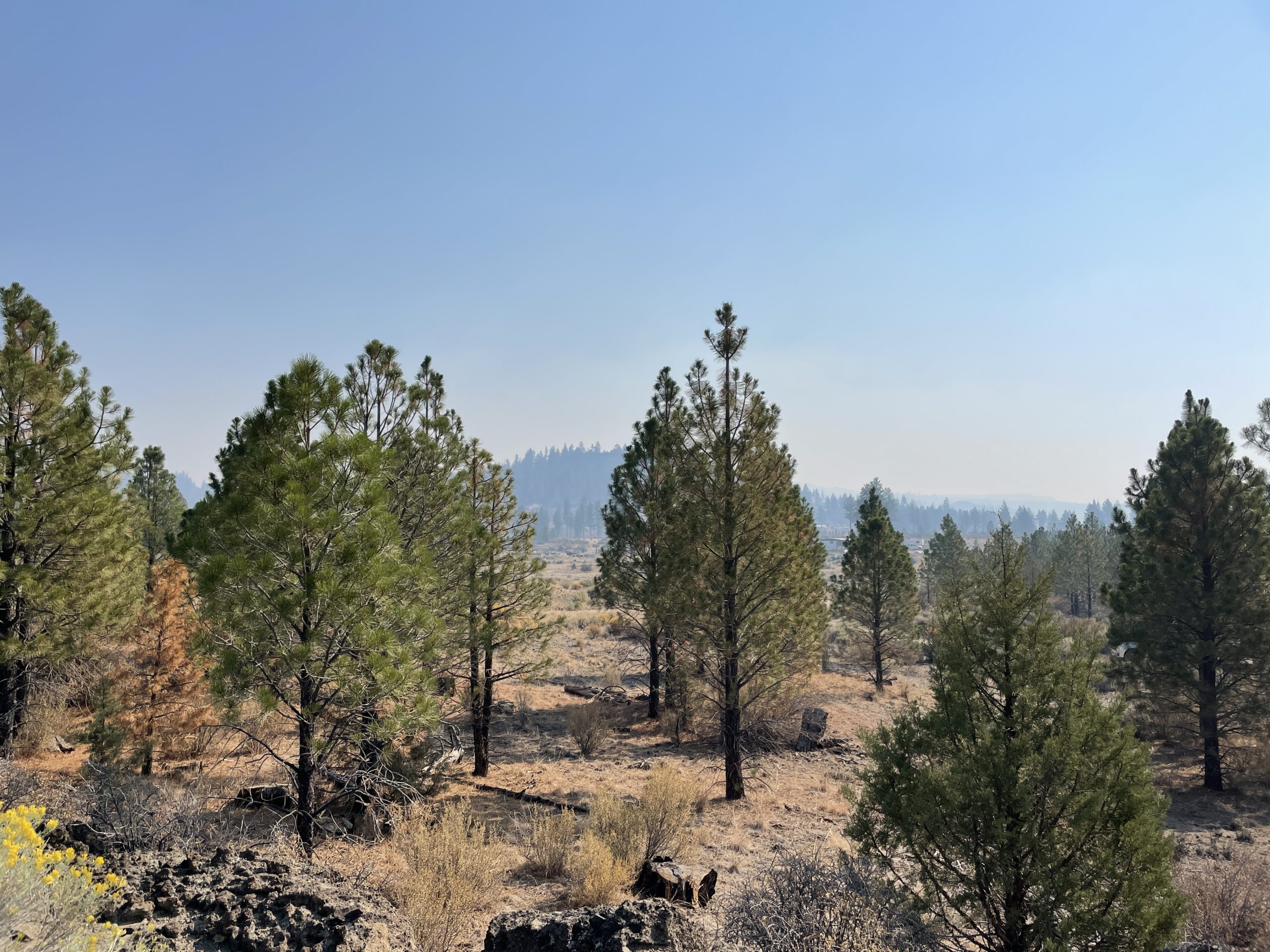 2.38 Acres, Klamath County OR, Parcel R263208 2.38 Acres, Klamath, Oregon Account 263208 / Map and Taxlot 3510-022D0-02100 - Image 5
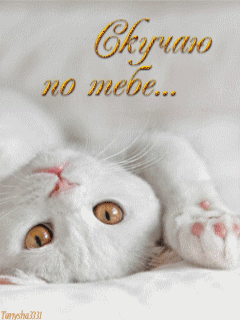 Анимационные открытки скучаю по тебе. Открытки я так скучаю скачать бесплатно.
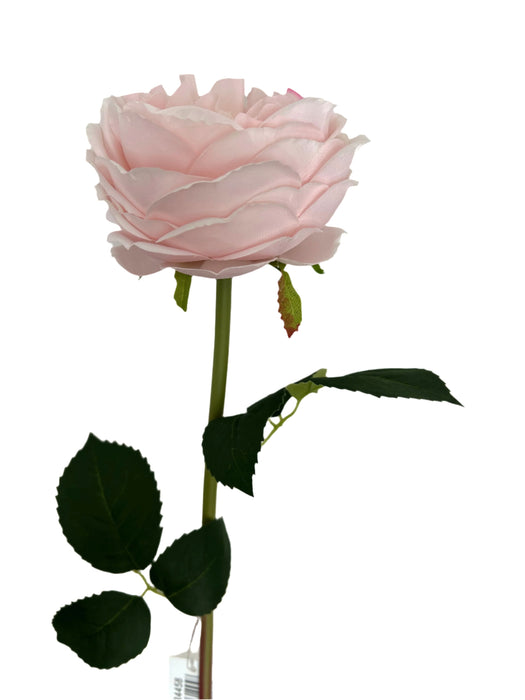 60cm Austin Rose - Light Pink 2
● ● ● ● ● ● ●
Copy the listing above verbatim; the pictures it contains are to stay out.

Task solution
 2.38 Acres, Klamath County OR, Parcel R263208 2.38 Acres, Klamath, Oregon Account 263208 / Map and Taxlot 3510-022D0-02100 - Image 5
 Анимационные открытки скучаю по тебе. Открытки я так скучаю скачать бесплатно.
 60cm Austin Rose - Light Pink 2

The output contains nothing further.